How a Study of Processional Theatre Grew into a Book about Donkeys, Dissonance, and Blasphemous Pageants


What began for me as a fairly simple history of the processional theatre of Palm Sunday soon ran up against some puzzling questions:

  • Why is there no verifiable record of a live donkey taking part in a Palm Sunday procession before 1424? (A few retrospective “records” are demonstrably false.)
  • Why is Christ’s entry into Jerusalem still widely celebrated on Palm Sunday as a “triumphal” entry when biblical scholars of liberal and conservative persuasion alike agree that it was “nontriumphal,” “atriumphal,” or even “antitriumphal”?
  • If early Church authorities also agreed that Christ’s entry was a deliberate rejection of the pomp of imperial and other military entries, when (and why) did Palm Sunday processions start to resemble triumphal entries and when (and why) did military triumphs start to appropriate the language and iconography of Palm Sunday?
  • Why were life-size, wheeled, wooden images of Christ on a donkey, generally known as Palmesels (palm donkeys), introduced to Palm Sunday processions in the mid-tenth century?

  • Why were children allowed to ride behind Christ on the wooden donkey? Why were Protestant reformers and “enlightened” Roman Catholic prelates so hostile toward Palmesels? And, if all other processional images were (and are) carried at head height or above, why has the Palmesel alone been pulled at ground level?

Digging into these and other general questions soon unearthed a number of even more specific historical questions:

  • Why do scholars insist that the Quaker James Nayler’s ride into Bristol on October 24, 1656, was a deliberate reenactment of Christ’s entry into Jerusalem on Palm Sunday? Nayler rode a horse, not a donkey. He did so six months after (or before) Palm Sunday. His followers neither waved palms or other foliage nor shouted “Hosanna.” At his trial before the Puritan parliament, Nayler was accused both of “horrid blasphemy” and of being a “traitor,” but not of imitating Christ’s entry into Jerusalem. The coronation of Oliver Cromwell as king was thought to be imminent.

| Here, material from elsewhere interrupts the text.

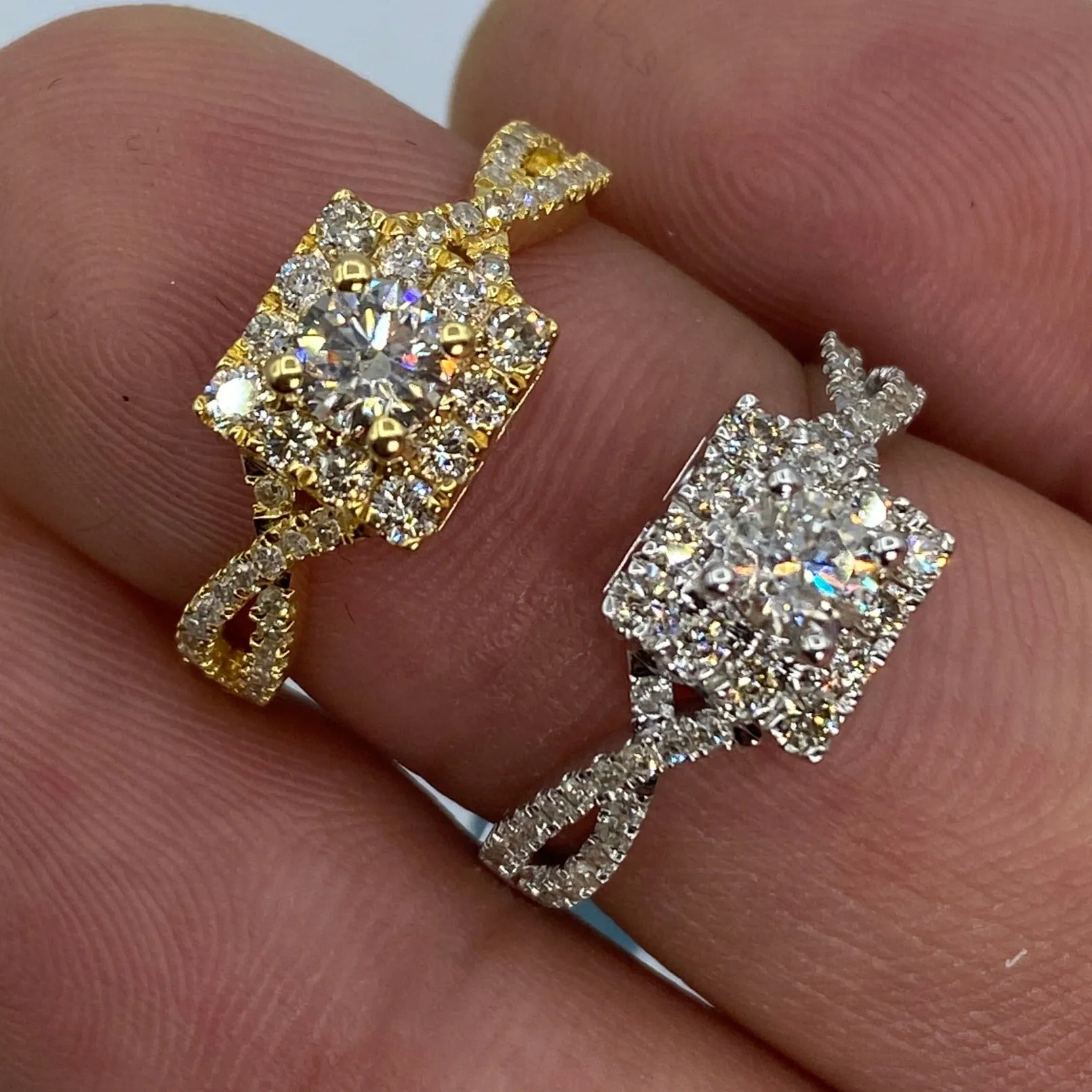 14K Spiral Square Large Center Stone Diamond Engagement Ring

Is it possible that Nayler’s series of muddy entries into Wells, Glastonbury, and Bristol, for which he was cruelly punished and imprisoned, was a parody of a triumphal royal progress?

  • In the annual Moscow Palm Sunday procession, why did the Patriarch of Moscow and all Russia ride a white “horse, covered with white linen down to the ground, his ears being made long with the same cloth, like to an ass’s ears”? And why did the ruling tsar lead the horse?
  • Why do villages in lowland Bolivia still pull a wheeled image of Christ on a donkey in procession on Palm Sunday? How did the Palmesel, which flourished in German-speaking lands north of the Alps, reach Bolivia?

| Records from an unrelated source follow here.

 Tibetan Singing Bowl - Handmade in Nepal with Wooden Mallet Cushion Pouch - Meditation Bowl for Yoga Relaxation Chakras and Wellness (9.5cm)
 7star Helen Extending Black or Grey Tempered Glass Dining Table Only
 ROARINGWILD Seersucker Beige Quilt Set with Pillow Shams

  • Why was the first person recorded as having ridden a donkey in a Palm Sunday procession of sorts in Rome not a member of the clergy but a startlingly eccentric, fifteenth-century, apocalyptic lay preacher?

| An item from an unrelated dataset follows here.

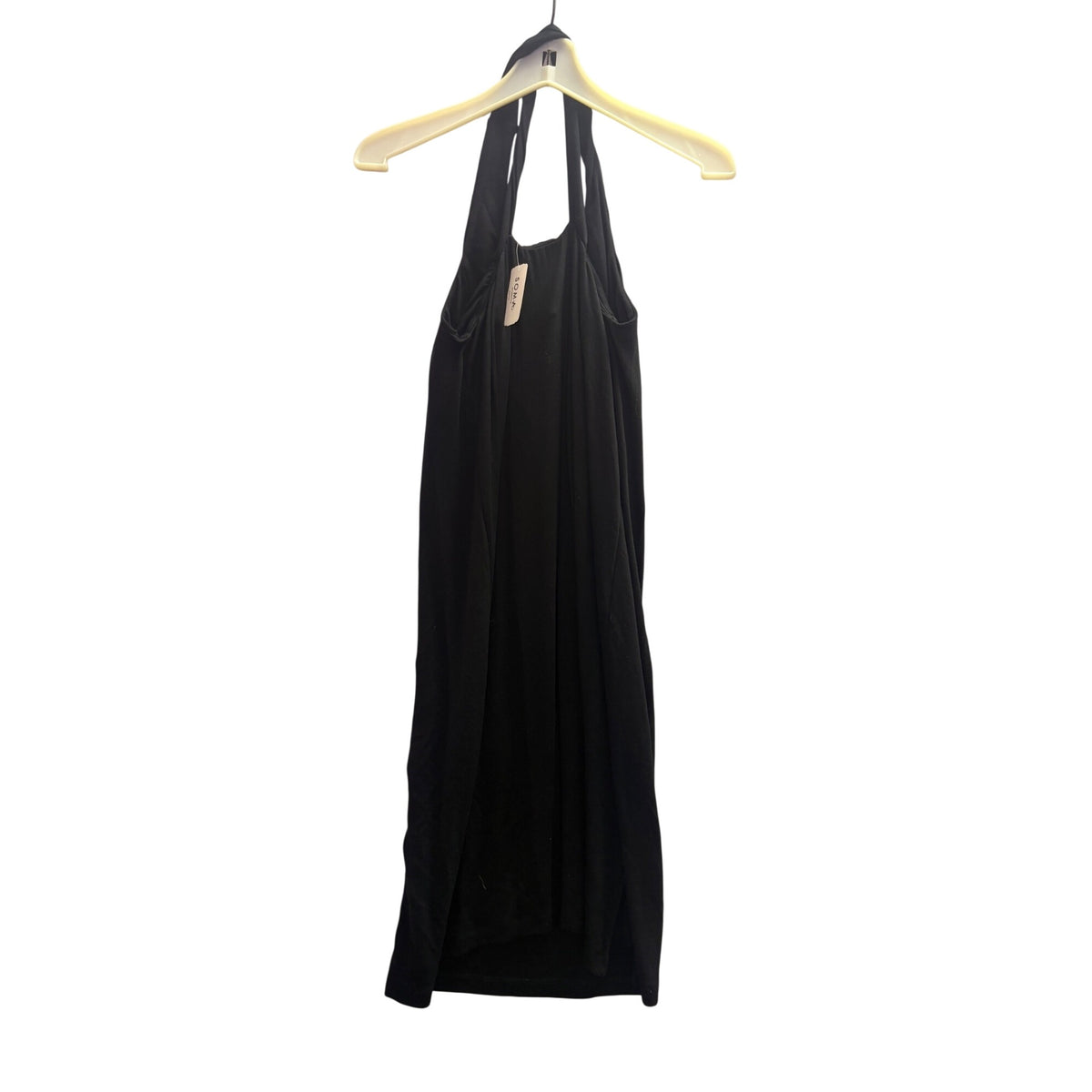 Soma Womens Black Rayon & Spandex Halter Dress Medium Elegant Chic Sleeveless Design Made In China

Answering these and a host of other questions gradually transformed my book-in-progress from a simple work of theatrical and liturgical history into a much more complex exploration of the radical dissonance between Palm Sunday processions and other public enactments of Christ’s entry into Jerusalem and the biblical story to which they all claimed allegiance. A curious theme emerged: those embodied representations of Christ’s entry into Jerusalem that were, at one time or another, labeled blasphemous, idolatrous, or superstitious by those in power were arguably most faithful to the biblical narrative of Palm Sunday, while those staged with the purpose of exalting those in power and celebrating military triumph were arguably blasphemous pageants.